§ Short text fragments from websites

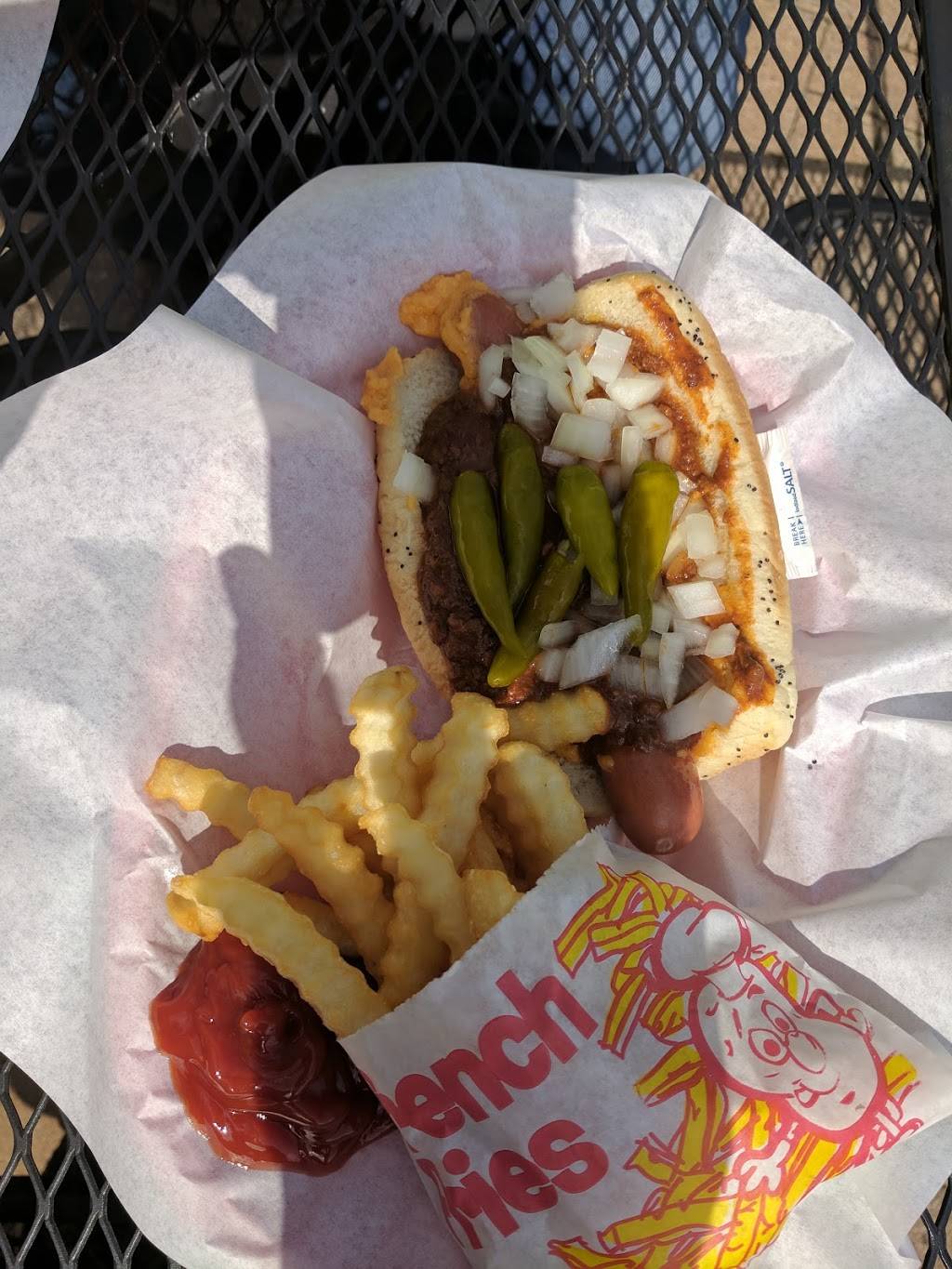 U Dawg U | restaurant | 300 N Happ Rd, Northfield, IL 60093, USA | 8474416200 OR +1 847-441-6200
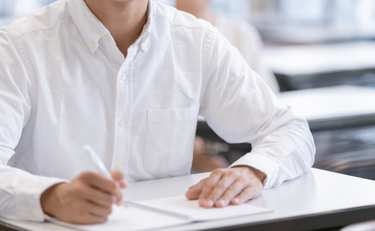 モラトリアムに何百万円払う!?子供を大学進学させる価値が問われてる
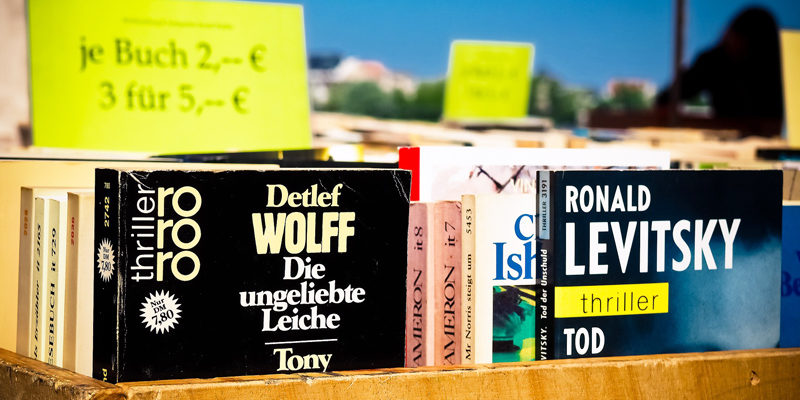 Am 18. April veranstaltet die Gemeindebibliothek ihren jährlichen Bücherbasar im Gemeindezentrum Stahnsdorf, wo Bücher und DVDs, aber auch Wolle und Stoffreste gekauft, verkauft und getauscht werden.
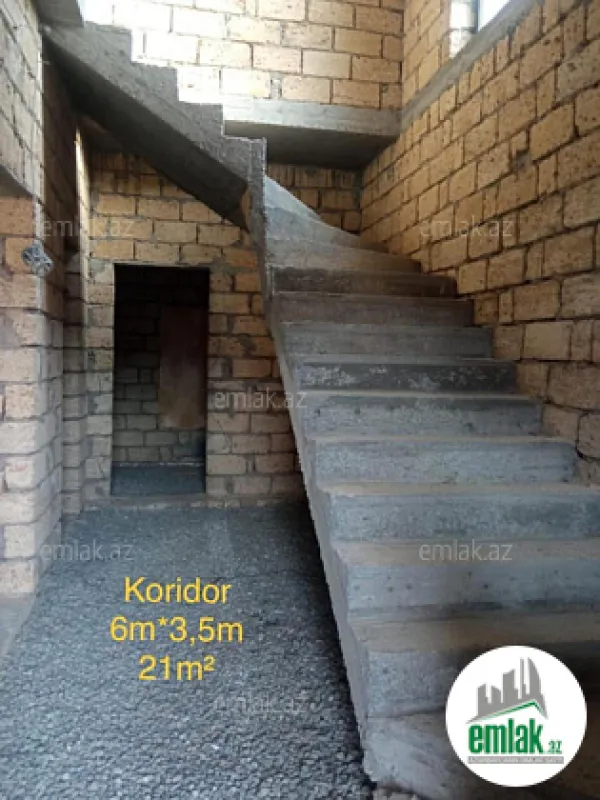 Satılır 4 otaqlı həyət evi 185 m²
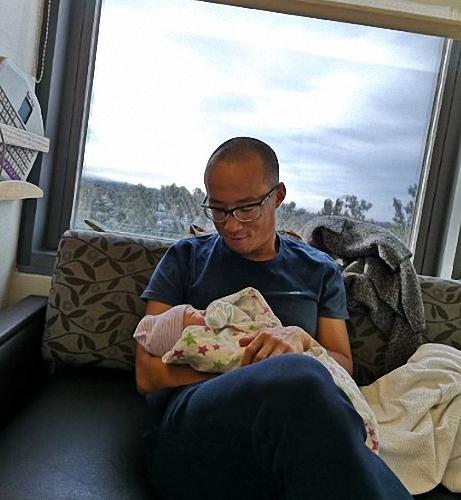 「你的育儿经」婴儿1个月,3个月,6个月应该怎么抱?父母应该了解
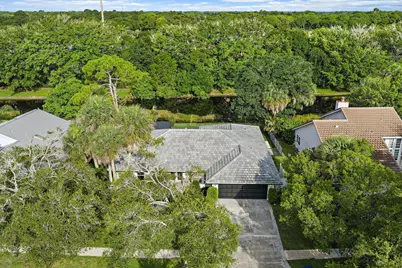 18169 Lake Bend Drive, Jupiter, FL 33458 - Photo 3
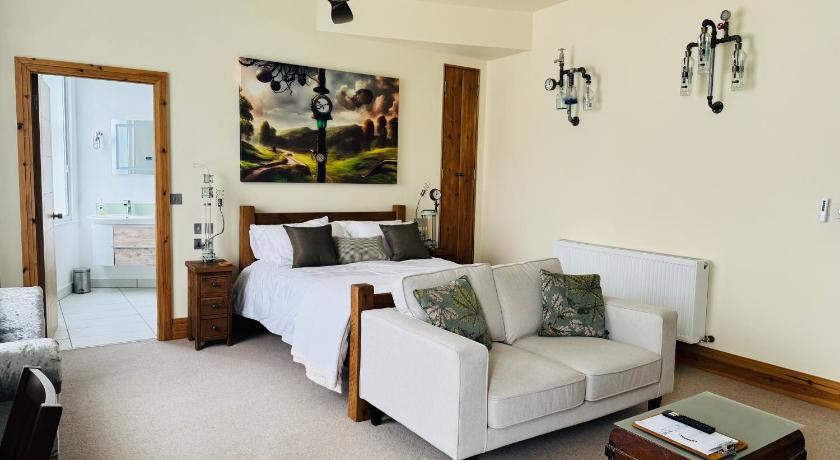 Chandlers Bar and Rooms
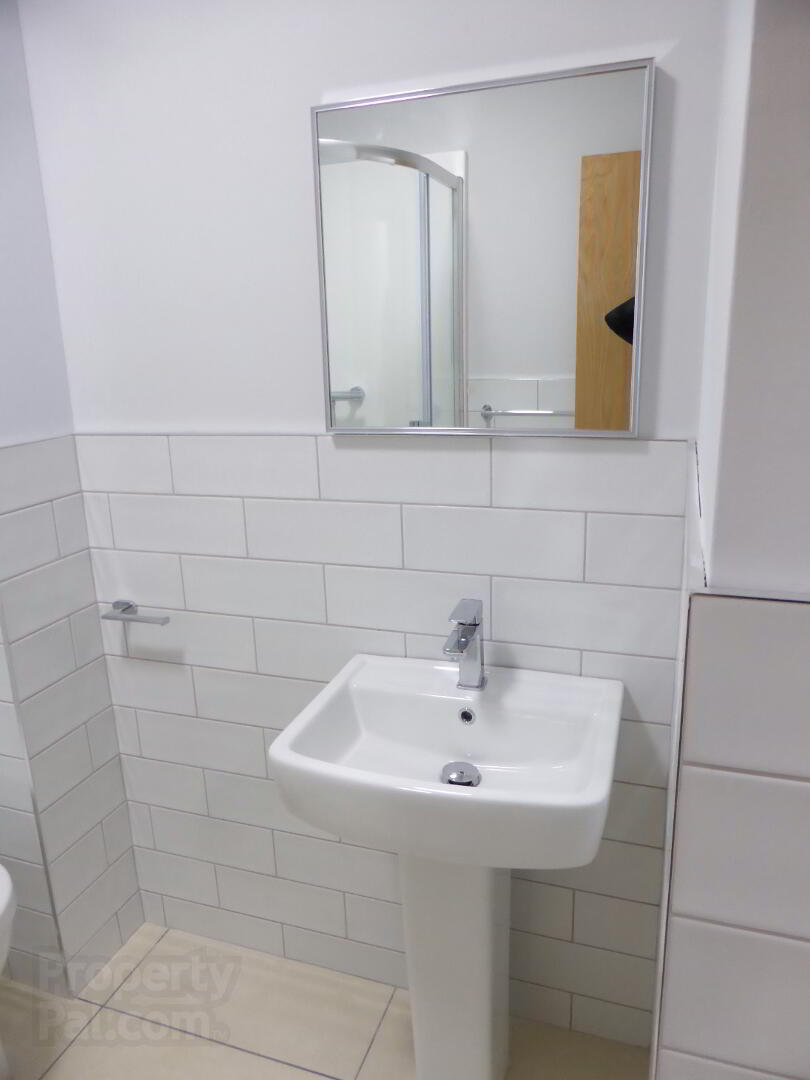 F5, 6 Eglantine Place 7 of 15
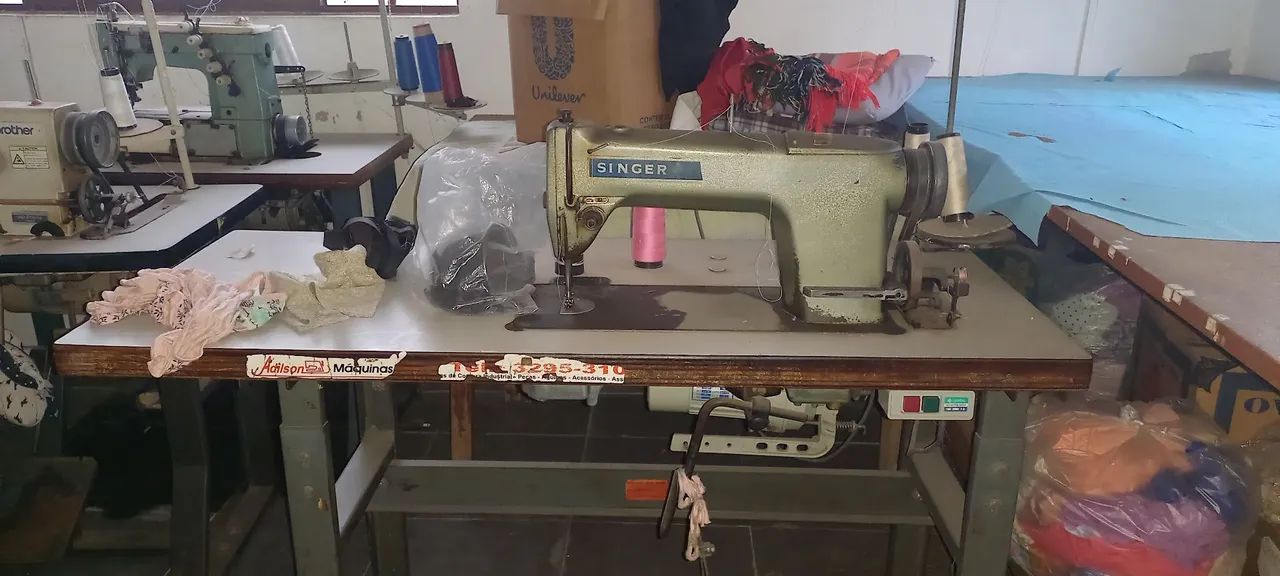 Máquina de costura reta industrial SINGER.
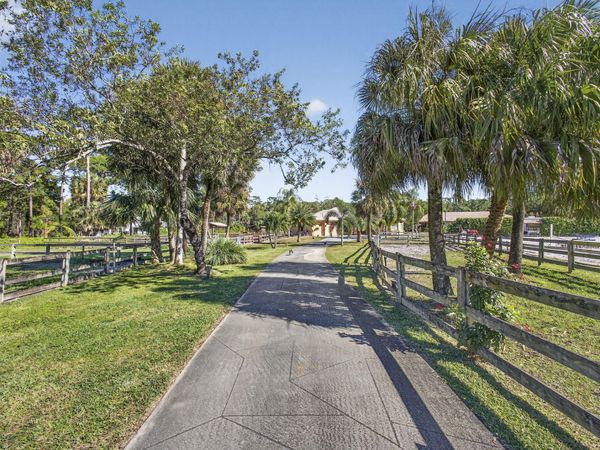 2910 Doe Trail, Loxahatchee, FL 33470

§ Task to carry out
Once the pictures are set aside, repeat each entry exactly as it stands.

§ Result below
 U Dawg U | restaurant | 300 N Happ Rd, Northfield, IL 60093, USA | 8474416200 OR +1 847-441-6200
 モラトリアムに何百万円払う!?子供を大学進学させる価値が問われてる
 Am 18. April veranstaltet die Gemeindebibliothek ihren jährlichen Bücherbasar im Gemeindezentrum Stahnsdorf, wo Bücher und DVDs, aber auch Wolle und Stoffreste gekauft, verkauft und getauscht werden.
 Satılır 4 otaqlı həyət evi 185 m²
 「你的育儿经」婴儿1个月,3个月,6个月应该怎么抱?父母应该了解
 18169 Lake Bend Drive, Jupiter, FL 33458 - Photo 3
 Chandlers Bar and Rooms
 F5, 6 Eglantine Place 7 of 15
 Máquina de costura reta industrial SINGER.
 2910 Doe Trail, Loxahatchee, FL 33470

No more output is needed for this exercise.